Last Updated: 3/19/2026

Python SDK

The Feldera Python SDK provides a programmatic interface for creating, managing, and interacting with Feldera pipelines. This guide covers installation, core concepts, and common workflows.

Installation

Install the Feldera Python SDK using pip or uv:


pip install feldera

Or with uv:


uv pip install feldera

Core Classes

The SDK provides three main classes for working with Feldera:

FelderaClient

The FelderaClient class manages the connection to the Feldera API server. It handles authentication and provides low-level access to the Feldera REST API.

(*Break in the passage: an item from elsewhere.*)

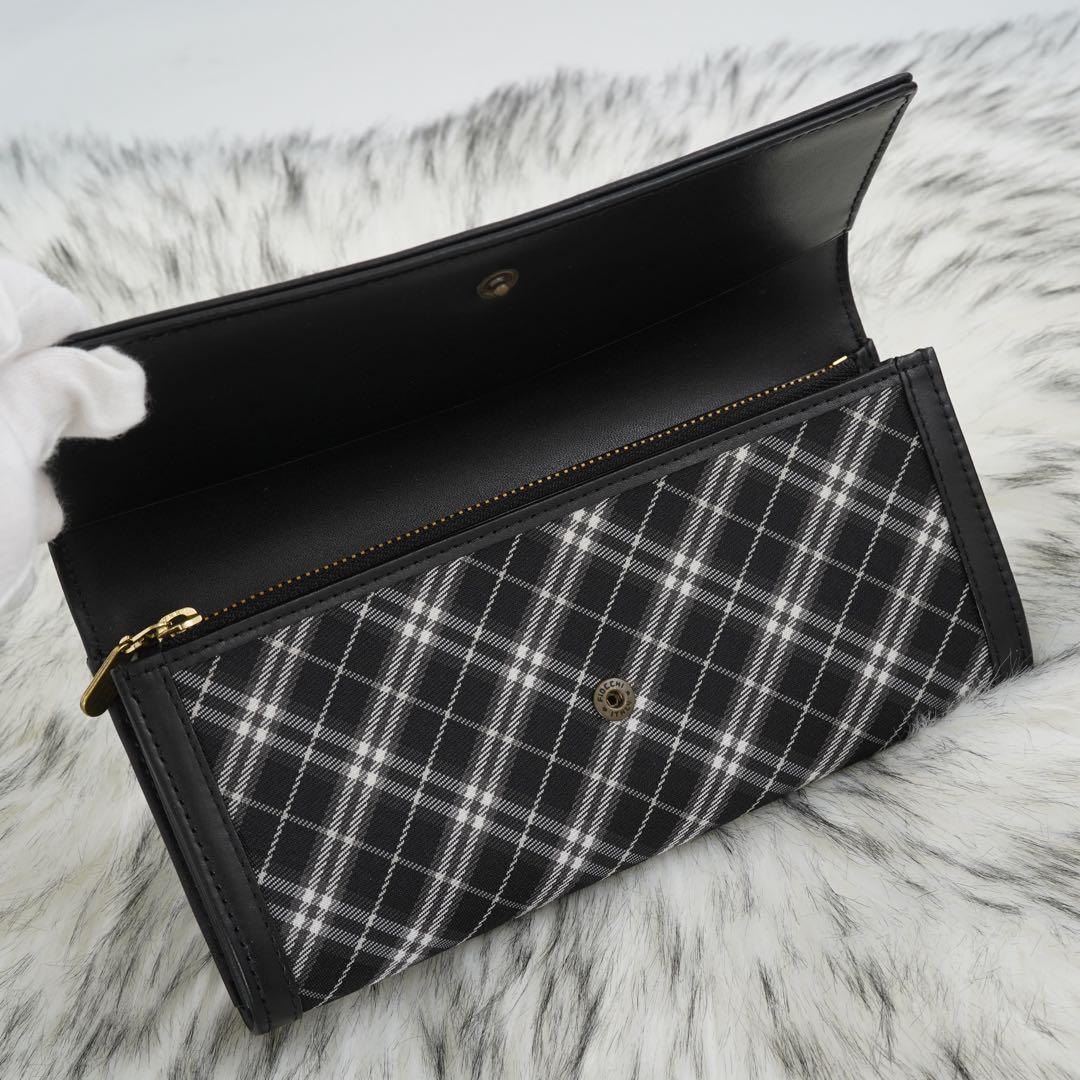 未使用品　BURBERRY BLUE LABEL 長財布　ホースロゴ　ロゴ金具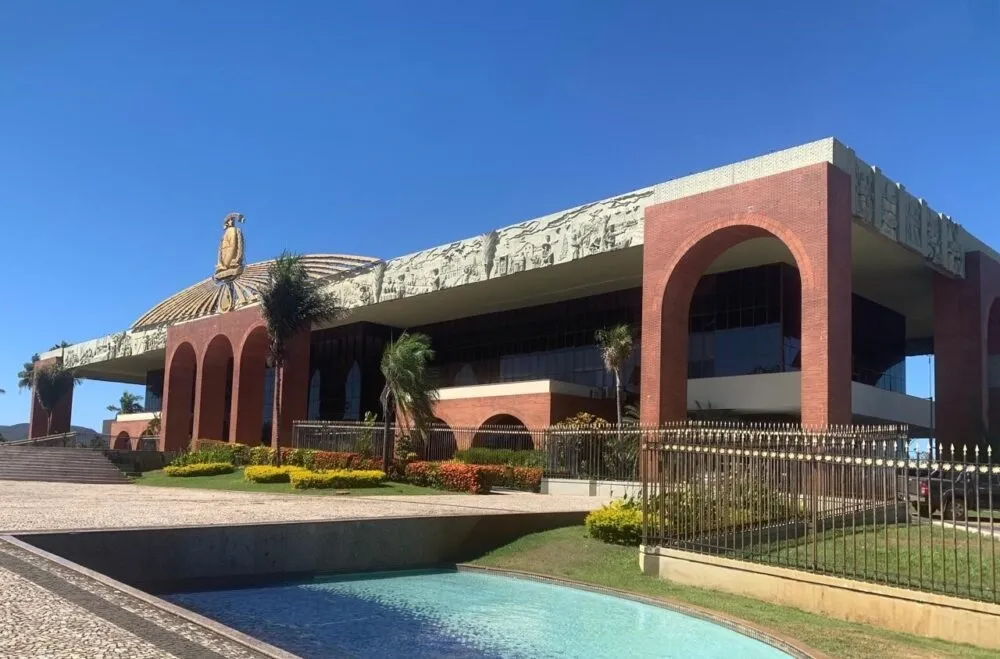 Cenário político no Tocantins se torna mais competitivo com avanço de concorrentes e fragilidade na articulação de grupo líder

from feldera import FelderaClient
 
# Connect to local Feldera instance (default)
client = FelderaClient()
 
# Connect to a remote instance with authentication
client = FelderaClient(
    url="https://try.feldera.com",
    api_key="apikey:your_key_here"
)
 
# Connect with custom TLS certificate
client = FelderaClient(
    url="https://localhost:8080",
    api_key="apikey:your_key_here",
    requests_verify="/path/to/tls.crt"
)

You can also configure the client using environment variables:


export FELDERA_HOST="https://localhost:8080"
export FELDERA_API_KEY="apikey:your_key_here"
export FELDERA_HTTPS_TLS_CERT="/path/to/tls.crt"

PipelineBuilder

The PipelineBuilder class helps you create new pipelines. It takes SQL code and configuration, then creates or updates a pipeline in Feldera.


from feldera import PipelineBuilder
 
sql = """
CREATE TABLE events (
    id BIGINT NOT NULL PRIMARY KEY,
    message VARCHAR
) WITH ('materialized' = 'true');
 
CREATE MATERIALIZED VIEW event_count AS
SELECT COUNT(*) AS total FROM events;
"""
 
# Create a new pipeline
pipeline = PipelineBuilder(client, "my_pipeline", sql).create_or_replace()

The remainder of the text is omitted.